(Brief descriptive captions)
=====
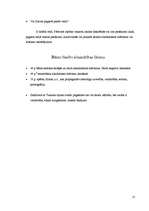 Biznesa plāns 'Nepilngadīgo likumpārkāpumi un sabiedrības attieksme pret tiem', 13.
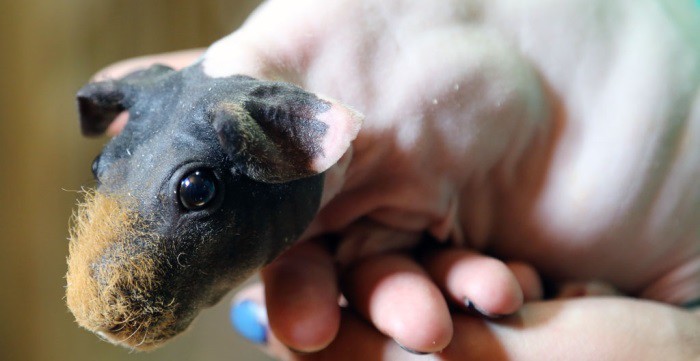 A géntechnológia borzalmai: a legszörnyűbb háziállatfajták (FOTÓ)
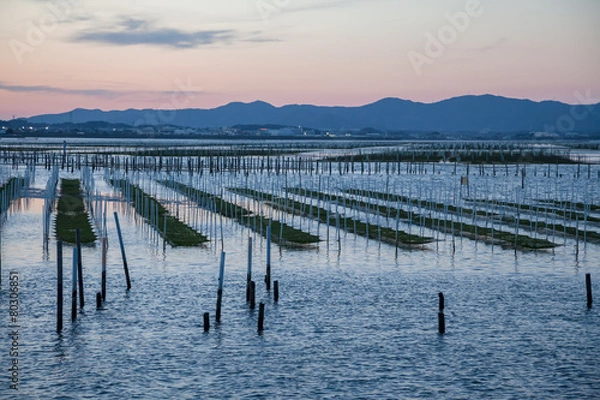 Fototapeta 浜名湖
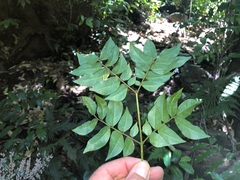 Pararchidendron pruinosum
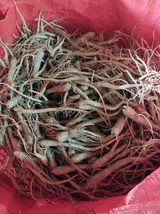 팜모닝 기타작물·자유게시판 게시글 이미지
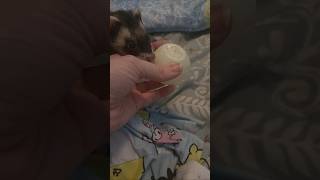 Why They Cant Have These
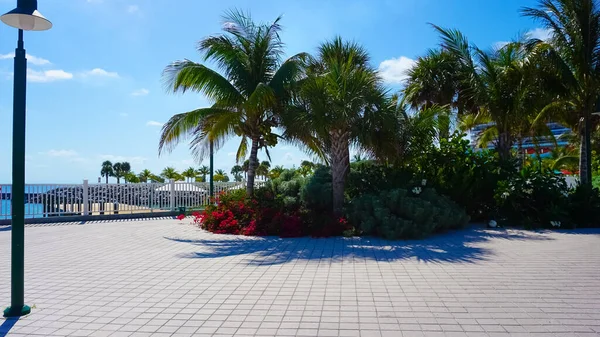 Plage Sur Ocean Cay Bahamas Island Avec Palmiers Arrière Plan — Photo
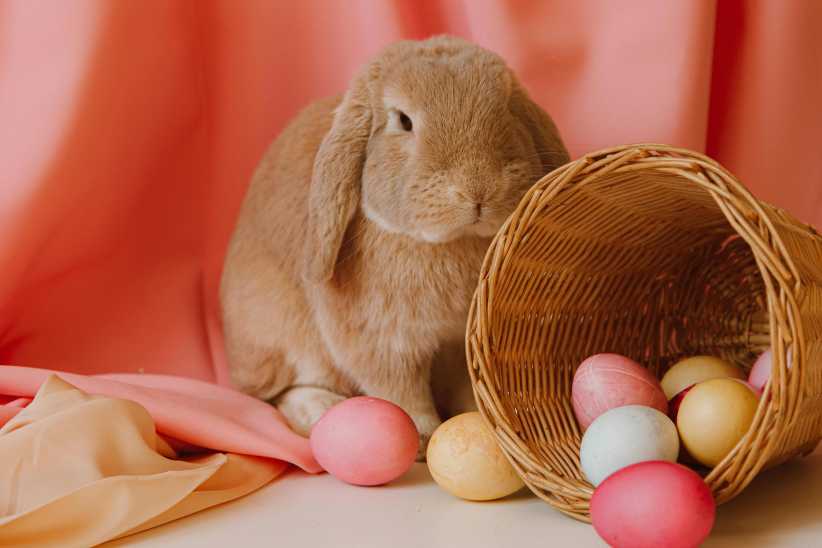 10 Fun Easter Egg Hunts in Westchester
=====
### [WHAT YOU ARE ASKED TO DO]
Your answer should consist solely of the lines from the one with "팜모닝 기타작물·자유게시판 게시글 이미지" through the last line of the entries, restated word for word, with the pictures omitted.

### [WRITTEN RESPONSE]
 팜모닝 기타작물·자유게시판 게시글 이미지
 Why They Cant Have These
 Plage Sur Ocean Cay Bahamas Island Avec Palmiers Arrière Plan — Photo
 10 Fun Easter Egg Hunts in Westchester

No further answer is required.